» **TRY IT**
Only the lines running from the one with "2014 Ford Escape Se – zdjęcie 1 z 16" to the end of the listing should be returned, each exactly as it appears, with both ends kept.
┌────────
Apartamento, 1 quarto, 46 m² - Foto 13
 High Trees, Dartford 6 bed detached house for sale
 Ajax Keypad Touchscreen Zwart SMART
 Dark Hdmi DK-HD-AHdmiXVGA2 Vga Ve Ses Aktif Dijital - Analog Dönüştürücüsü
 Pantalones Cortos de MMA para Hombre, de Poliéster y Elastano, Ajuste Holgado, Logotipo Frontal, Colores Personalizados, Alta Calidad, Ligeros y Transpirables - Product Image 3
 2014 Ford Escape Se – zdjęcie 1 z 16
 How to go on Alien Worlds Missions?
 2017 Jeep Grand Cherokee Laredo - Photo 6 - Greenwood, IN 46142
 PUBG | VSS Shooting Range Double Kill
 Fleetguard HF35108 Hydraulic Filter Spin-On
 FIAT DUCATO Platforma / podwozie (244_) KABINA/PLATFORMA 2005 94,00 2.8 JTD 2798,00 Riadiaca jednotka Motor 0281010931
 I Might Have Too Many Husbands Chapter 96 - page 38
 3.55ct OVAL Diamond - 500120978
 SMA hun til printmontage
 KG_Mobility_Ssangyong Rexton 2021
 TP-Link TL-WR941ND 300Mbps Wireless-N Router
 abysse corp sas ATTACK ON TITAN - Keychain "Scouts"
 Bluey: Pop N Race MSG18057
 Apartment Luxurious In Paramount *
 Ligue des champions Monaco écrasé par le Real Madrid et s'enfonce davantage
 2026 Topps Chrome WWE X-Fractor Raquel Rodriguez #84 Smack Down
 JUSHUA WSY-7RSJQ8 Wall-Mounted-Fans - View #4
└────────
» **SOLVED PROBLEM**
 2014 Ford Escape Se – zdjęcie 1 z 16
 How to go on Alien Worlds Missions?
 2017 Jeep Grand Cherokee Laredo - Photo 6 - Greenwood, IN 46142
 PUBG | VSS Shooting Range Double Kill
 Fleetguard HF35108 Hydraulic Filter Spin-On
 FIAT DUCATO Platforma / podwozie (244_) KABINA/PLATFORMA 2005 94,00 2.8 JTD 2798,00 Riadiaca jednotka Motor 0281010931
 I Might Have Too Many Husbands Chapter 96 - page 38
 3.55ct OVAL Diamond - 500120978
 SMA hun til printmontage
 KG_Mobility_Ssangyong Rexton 2021
 TP-Link TL-WR941ND 300Mbps Wireless-N Router
 abysse corp sas ATTACK ON TITAN - Keychain "Scouts"
 Bluey: Pop N Race MSG18057
 Apartment Luxurious In Paramount *
 Ligue des champions Monaco écrasé par le Real Madrid et s'enfonce davantage
 2026 Topps Chrome WWE X-Fractor Raquel Rodriguez #84 Smack Down
 JUSHUA WSY-7RSJQ8 Wall-Mounted-Fans - View #4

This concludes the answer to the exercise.